The report claims that MedSec Holdings Ltd., a cybersecurity firm, was able to demonstrate two types of cyberattacks on St. Jude’s implantable cardiac devices. The first type of attack — a “crash” attack — enables a hacker to remotely disable cardiac devices, and in some cases, cause the cardiac device to pace at a dangerous rate. The second type of attack — a battery drain attack — remotely runs cardiac device batteries down to 3% of capacity within a 24-hour period. However, the report concludes that patients’ personal health information appears to be safe as the report states that patient data is encrypted.
The report argues that the cybersecurity risks of the devices are due to security deficiencies in accessories to the implantable devices including devices located in physician offices that display data from the implanted devices, the network that manages and transmits data, and the at-home device which communicates with the implanted device via radio frequency within a 50 foot range. Some of the alleged deficiencies require attackers having access to device accessory hardware or being within 50 feet of the target(s).

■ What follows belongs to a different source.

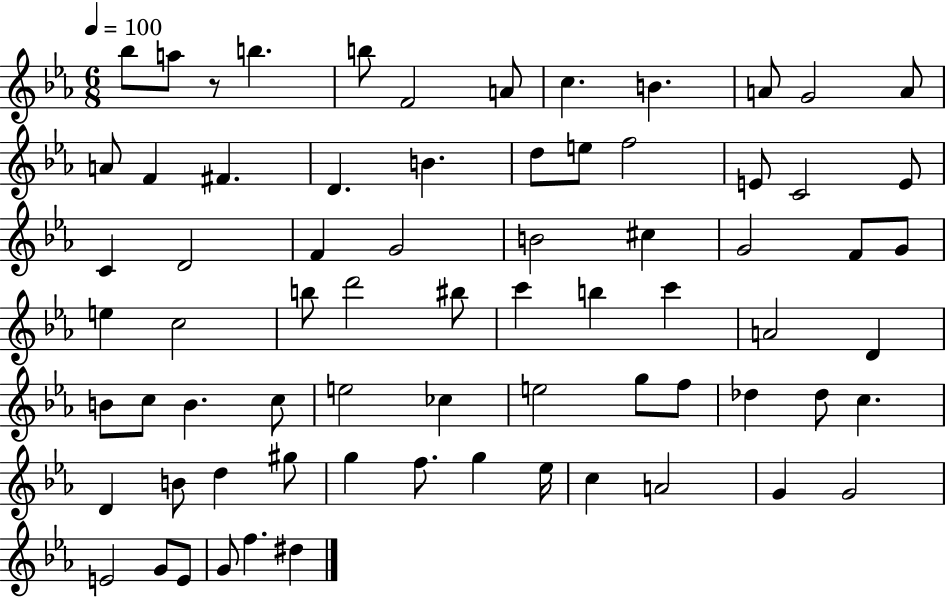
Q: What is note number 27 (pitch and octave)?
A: B4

FDA is keenly aware of the potential for cybersecurity attacks on medical devices. In January 2016, the agency issued Draft Guidance on Postmarket Management of Cybersecurity in Medical Devices. Additional information on FDA’s concerns and the Draft Guidance can be found here, and here. In 2014, the Department of Homeland Security and FDA investigated suspected cybersecurity flaws in several types of medical devices and hospital equipment. It will be interesting to see what action those agencies take in this circumstance, or whether the Securities and Exchange Commission gets involved, particularly given the allegations of short selling objectives associated with the report. Regardless, manufacturers of connected medical devices can expect heightened scrutiny of the security of their devices and components both from government officials and the public at large.